Task requirements - Write out the entire listing below exactly, with the pictures left out.

Collected data -
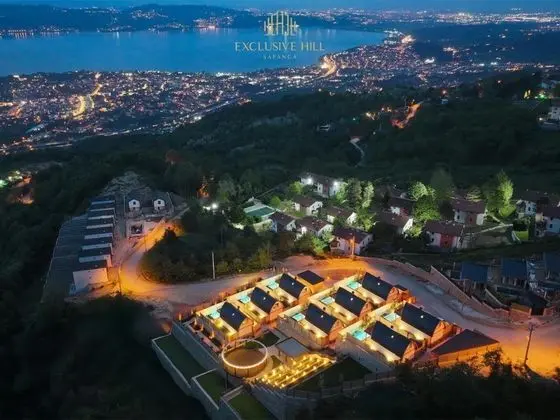 Exclusive Hill Sapanca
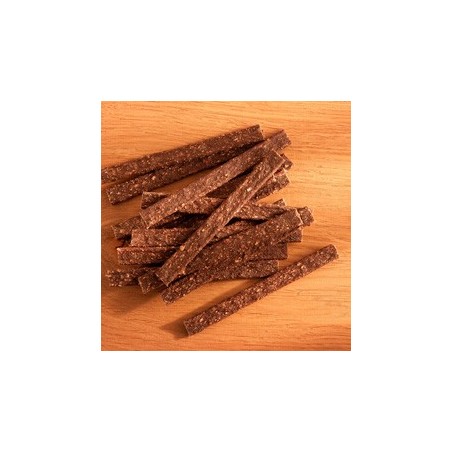 alsa-nature Pferde-Riegel Kauartikel, 100 g, Breite: ca. 1 cm, Länge: ca. 8 cm, Hundefutter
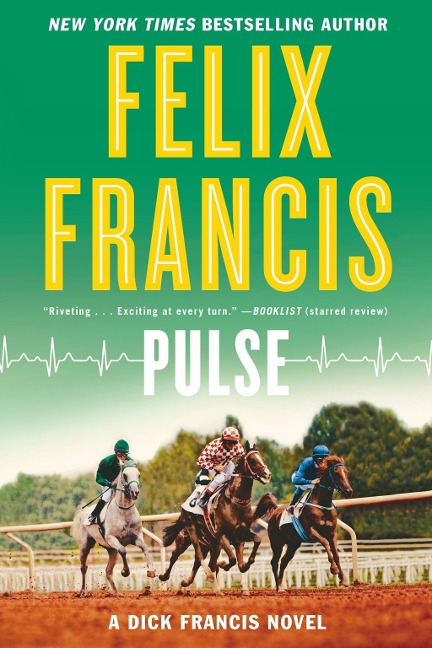 Pulse - Felix Francis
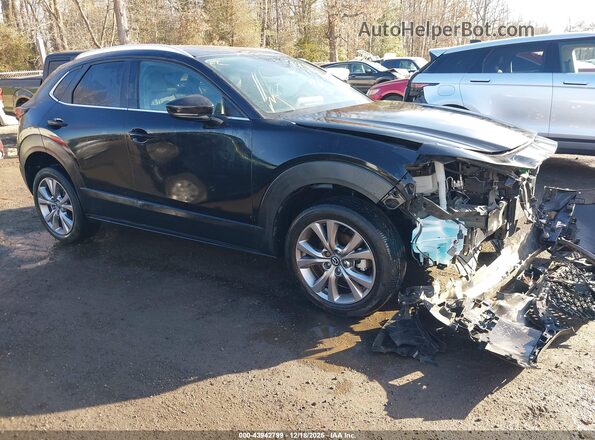 3MVDMBBM4PM509273 2023 MAZDA CX-30 Black Delantero derecho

Output of the task -
 Exclusive Hill Sapanca
 alsa-nature Pferde-Riegel Kauartikel, 100 g, Breite: ca. 1 cm, Länge: ca. 8 cm, Hundefutter
 Pulse - Felix Francis
 3MVDMBBM4PM509273 2023 MAZDA CX-30 Black Delantero derecho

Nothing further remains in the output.